O cotidiano frenético é, muitas vezes, o principal motivo pelo  qual as pessoas se afastam. “Late”, o novo clipe da banda Arthur Beatrice, parece mostrar isso muito bem, através da contemplação de um dia-a-dia que afasta um jovem casal… O roteiro certeiro para dar imagens a uma canção melancólica.

Bombay Bicycle Club – Feel

Os flertes com a cultura indiana de “So Long, See You Tomorrow”, o último trabalho dos britânicos do Bombay Bicycle Club, não estariam completos sem um vídeo que interligasse a música do disco com os filmes de Bollywood. Canção mais do que certa para esta finalidade, “Feel” brinca intensamente com a cultura da Índia, mostrando uma luxuosa cerimônia de casamento e as tão famosas danças típicas daquele país.

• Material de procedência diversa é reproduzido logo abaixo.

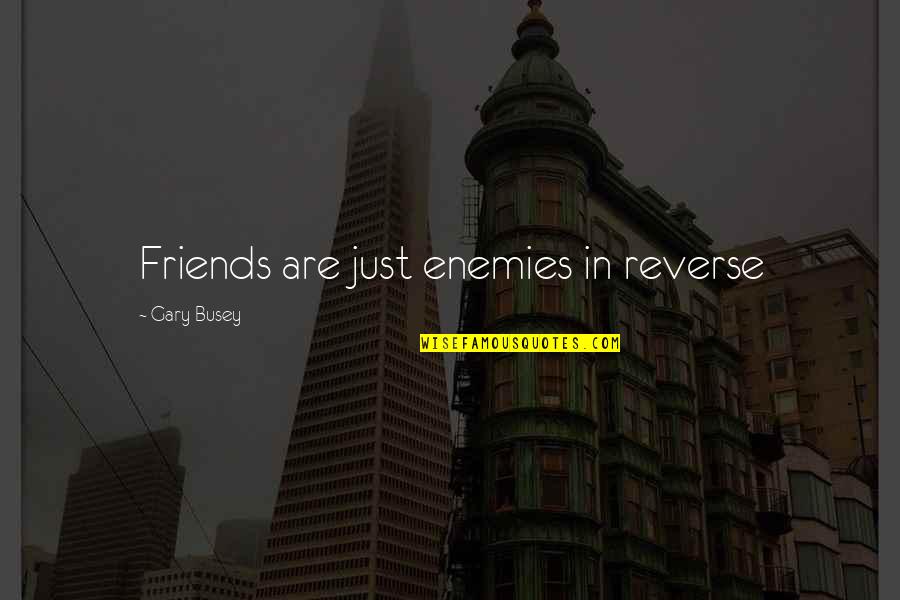 I'm With Busey Quotes By Gary Busey: Friends are just enemies in reverse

Carne Doce – Sertão Urbano

O que era apenas um projeto do casal Salma Jô e Macloys Aquino está crescendo para algo muito maior: o Carne Doce virou uma banda, com a entrada dos integrantes Raphael Vaz, João Victor e Ricardo Machado. Inserida em acertados arranjos, “Sertão Urbano” brinca com a estética de bandas setentistas para construir um claro cenário de expansão sonora, demonstrando os novos rumos que o projeto deverá percorrer daqui em diante.

The Pains of Being Pure at Heart – Simple and Sure

E quando nossas expressões corporais são tão prontas que chegam a nos ridicularizar? É acima deste conceito que é construído o hilário vídeo de “Simple and Sure”, o novo clipe da banda nova-iorquina The Pains of Being Pure at Heart, que está a caminho de lançar seu terceiro disco, “Days of Abandon”. Assista e “gif yourself”.

Marcelo Perdido – Pendura

Além das músicas que preenchem o seu set list, o primeiro disco de Marcelo Perdido em carreira solo, “Lenhador”, também é responsável pelo lançamento de vídeos curiosamente agarrados a uma estética retrô, com imagens de tratamento antigo, característica das fitas VHS. No novo clipe dessa concepção, uma sequência de imagens que se amarra aos inspirados versos do compositor constroem com competência um registro audiovisual para a canção “Pendura”.

Sam Smith – Stay With Me

Depois de se apresentar ao mundo como a voz do poderoso single “Latch”, do Disclosure, e retificar seu poderio pop com a canção “Money on My Mind”, agora Sam Smith aponta para a introspecção. Melancólica, “Stay With Me” se agarra a elementos do R&B para satisfazer sua base conceitual, contando inclusive com o acompanhamento de coros de vozes característicos da música gospel. O lançamento do primeiro disco do cantor, “In the Lonely Hour”, é aguardado com ansiedade para o dia 26 de maio.

Fernanda Takai e Samuel Rosa – Pra Curar Essa Dor (Heal the Pain)

Das colaborações que envolvem o novo disco de Fernanda Takai, talvez a mais sincera seja a do seu contemporâneo Samuel Rosa. Juntos, eles interpretam, em estúdio, a canção “Pra Curar Essa Dor”, versão em português para o hit “Heal the Pain”, de George Michael.